## [MATERIAL FOR THIS TASK]
───
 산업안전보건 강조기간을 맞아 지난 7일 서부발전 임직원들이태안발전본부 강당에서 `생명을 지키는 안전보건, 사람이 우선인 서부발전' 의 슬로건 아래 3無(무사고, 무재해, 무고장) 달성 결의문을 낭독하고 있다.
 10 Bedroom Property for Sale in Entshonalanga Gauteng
───
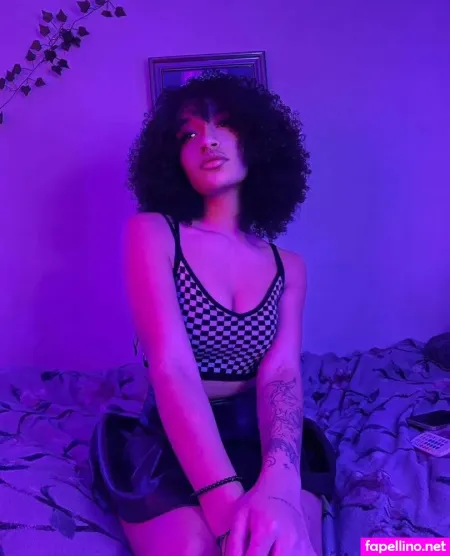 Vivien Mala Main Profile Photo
───
Could you restate, word for word, the lines above from the one with "산업안전보건 강조기간을 맞아" to the one with "10 Bedroom Property", both included?

## [ANSWER SECTION]
 산업안전보건 강조기간을 맞아 지난 7일 서부발전 임직원들이태안발전본부 강당에서 `생명을 지키는 안전보건, 사람이 우선인 서부발전' 의 슬로건 아래 3無(무사고, 무재해, 무고장) 달성 결의문을 낭독하고 있다.
 10 Bedroom Property for Sale in Entshonalanga Gauteng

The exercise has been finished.